Song by Lynyrd Skynyrd

from the album (Pronounced 'Lĕh-'nérd 'Skin-'nérd)
- Released: 1973
- Recorded: Studio One, Doraville, Georgia, April 1973
- Genre: Southern rock; country-soul;
- Length: 7:32
- Label: MCA Records
- Songwriters: Allen Collins; Ronnie Van Zant;
- Producer: Al Kooper

= Tuesday's Gone =

1973 song by Lynyrd Skynyrd

"Tuesday's Gone" is the second track on Lynyrd Skynyrd's debut album, (Pronounced 'Lĕh-'nérd 'Skin-'nérd). It also appears on the band's first live LP, One More from the Road.

==History==
"Tuesday's Gone" was written by guitarist Allen Collins and vocalist Ronnie Van Zant. Producer Al Kooper (credited as "Roosevelt Gook") played bass, sang backup vocals, and added orchestral strings with a Mellotron. Robert Nix of the Atlanta Rhythm Section played drums.
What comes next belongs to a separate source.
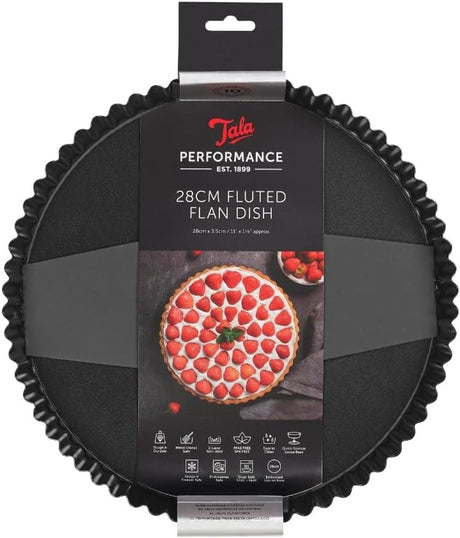 Tala Performance - forma do quiche z luźnym dnem - 28 cm - nadaje się do piekarnika - powłoka nieprzywierająca - nie zawiera pfas
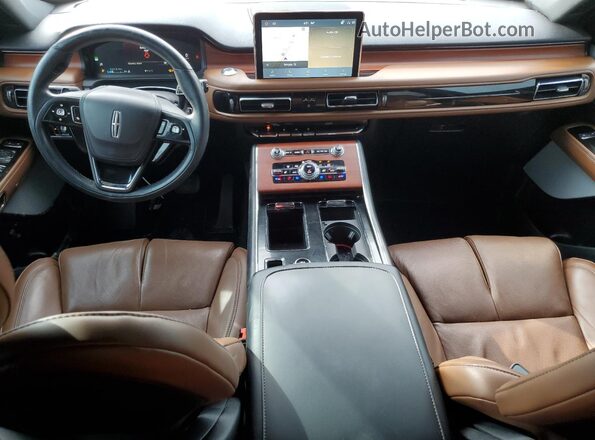 5LM5J7WC3NGL20899 2022 LINCOLN AVIATOR Cream წინა პანელის ხედი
Gary Rossington played lead guitar, Ed King added guitar fills and Billy Powell played the piano.

In Counting Down Southern Rock: The 100 Best Songs, author C. Eric Banister regards the lyric of "Tuesday's Gone" as Van Zant's masterpiece.

==Certifications==

| Region | Certification | Certified units/sales |
| New Zealand (RMNZ) | Platinum | 30,000^{‡} |
^{‡} Sales+streaming figures based on certification alone.